Misalnya, lanjut Pahala, rumah sakit memberikan pelayanan fisioterapi sebanyak dua kali tetapi mengklaim 10 kali.
“Misalnya, Anda ditagih untuk 10 sesi fisioterapi, tetapi ketika kami tanyakan kepada orang tersebut, itu hanya dua kali. Nah, ini jenis penipuan kedua, orangnya ada di sana, terapinya ada, tetapi nilai klaimnya digelembungkan. Itu yang kami temukan pada tahun 2018,” kata Pahala.
Penipuan dalam pelayanan operasi katarak juga ditemukan oleh Komite Pemberantasan Korupsi, BPJS, dan Kementerian Kesehatan.
Pahala menuturkan, ada temuan rumah sakit yang membuat catatan fiktif terkait operasi katarak yang diberikan kepada warga.

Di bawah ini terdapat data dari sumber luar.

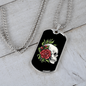Calavera Mexican Sugar Skull and Roses Necklace Stainless Steel or 18k Gold Dog Tag 24" Chain-Express Your Love Gifts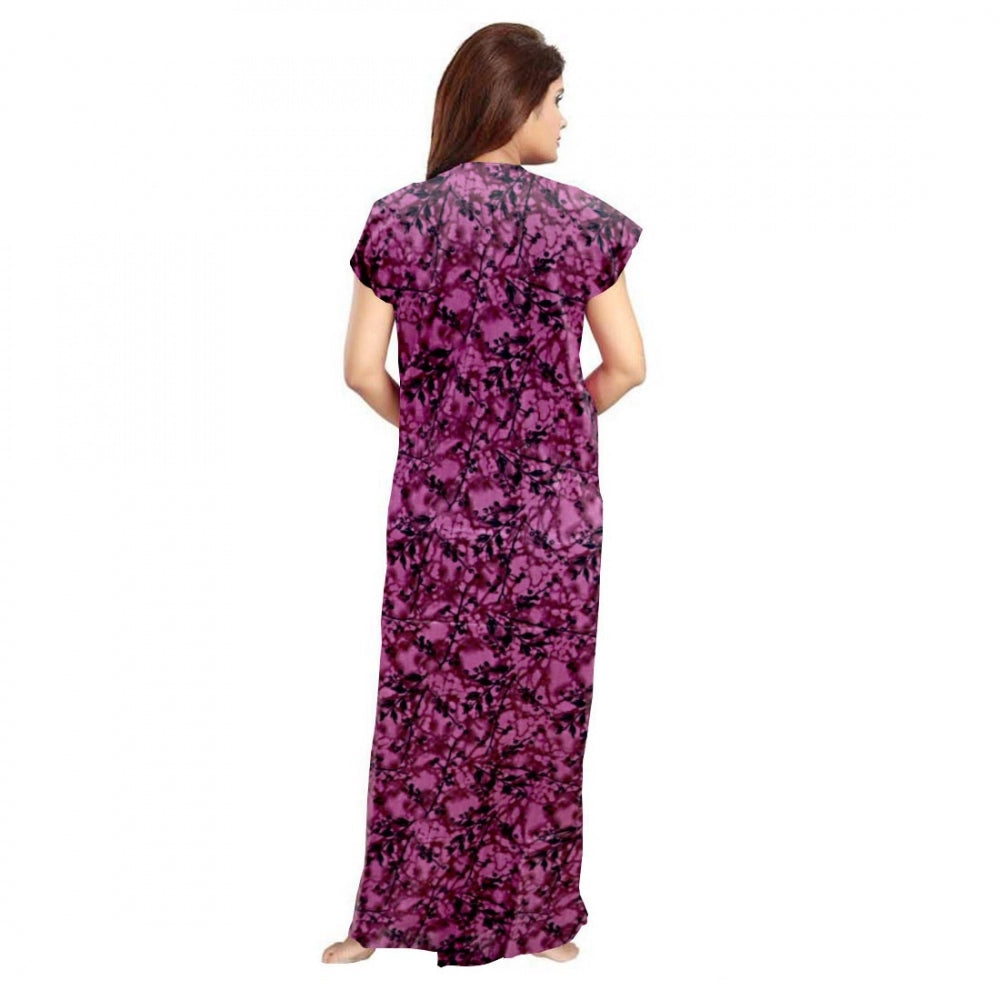 Amfyn Women's Cotton Printed Maxi Nighty (Wine)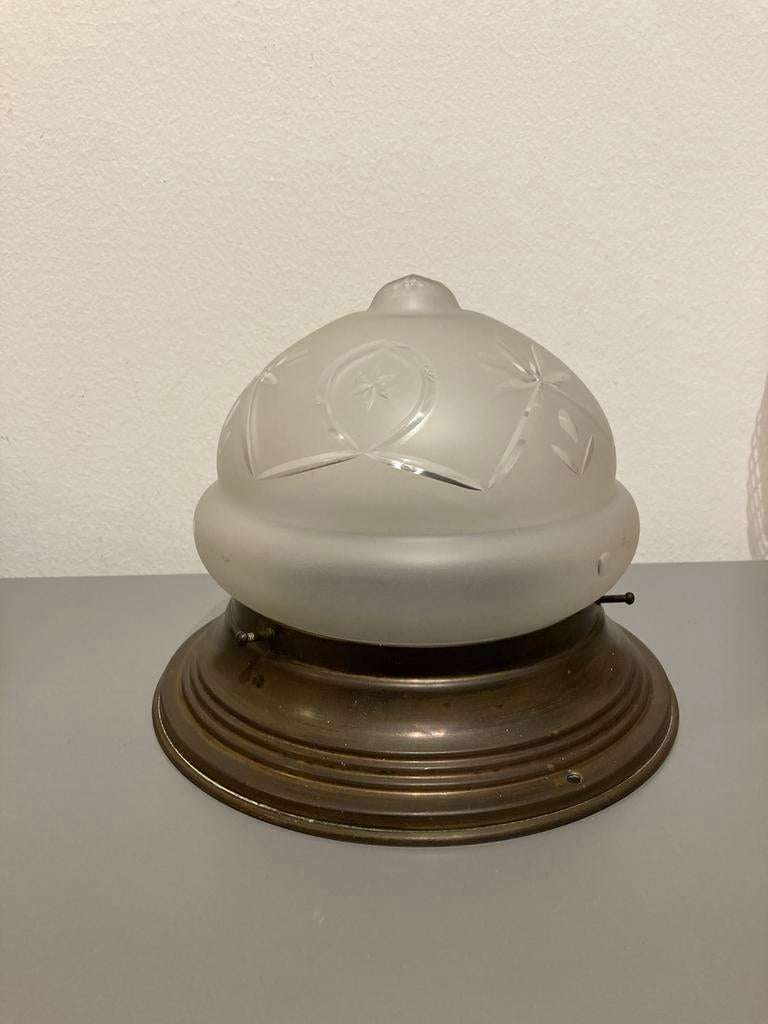 Vintage plafonniere Art Deco, Huis en Inrichting, Lampen | Plafondlampen, Gebruikt, Glas, Verzenden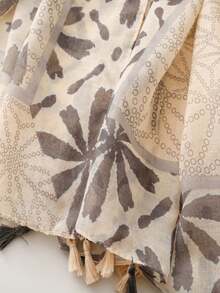 1pc New Bohemian Printed Women Scarf, Lightweight Breathable Tassel Shawl, Elegant Style Women Sun Protection Beach Travel Scarf For Dress - Beige - View 3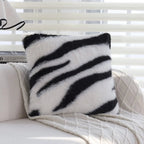 Zebra Print Faux Fur Pillow Cover - Pillow Bay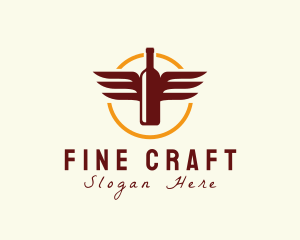 Wine Wings Badge logo design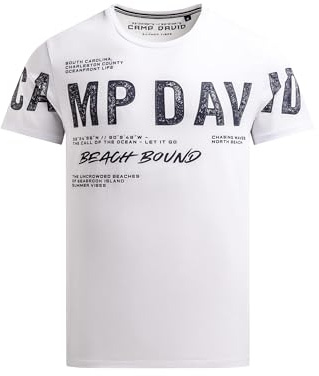 Camp David Herren T-Shirt mit auffälligem Logo Print Opticwhite, M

“Kami juga melihat (layanan operasi) katarak di tiga rumah sakit. Ke-39 pasien kami sama saja, sebenarnya hanya 14 orang yang memenuhi syarat untuk operasi katarak, tetapi diklaim semuanya telah menjalani operasi katarak.
“Kita sudah cek, kita bilang 'operasinya di satu mata tapi katanya di dua mata', kira-kira begitulah keadaannya waktu itu,” ungkapnya.
Pahala mengatakan timnya juga menemukan jenis penipuan yang dilakukan oleh rumah sakit dengan menciptakan pasien fiktif untuk mendapatkan perawatan medis. Penipuan ini dikenal dengan istilah phantom billing.
“Tidak ada apa-apa, tidak ada pasien, ada terapi, tetapi semua dokumen dibuat sedemikian rupa sehingga tampak seperti dia mengklaim itu untuk orang yang ada di sana dengan semua jenis terapi.
“Itulah yang kami sebut penagihan semu,” katanya.
Hasil investigasi KPK kemudian menemukan tiga rumah sakit yang melakukan phantom billing.
Tiga rumah sakit tersebut berada di Jawa Tengah dan dua di Sumatera Utara.
“Ada tiga rumah sakit yang hanya melakukan phantom billing. Ketiga rumah sakit ini melakukan phantom billing, artinya mereka memalsukan semua dokumen. Satu di Jawa Tengah dengan klaim sekitar Rp29 miliar, dua lagi di Sumatera Utara dengan Rp4 miliar dan Rp1 miliar merupakan hasil audit klaim dari BPJS Kesehatan,” kata Pahala.
Pahala mengatakan tindakan tiga rumah sakit tersebut telah mengakibatkan kerugian negara. Temuan tersebut telah disampaikan kepada pimpinan KPK dan akan dikaji lebih lanjut.
“Hasilnya, pimpinan memutuskan ketiganya dilimpahkan ke kejaksaan. Nanti siapa yang mengambil alih, apakah kejaksaan yang menyidik atau KPK, itu yang akan ditangani pimpinan KPK,” kata Pahala.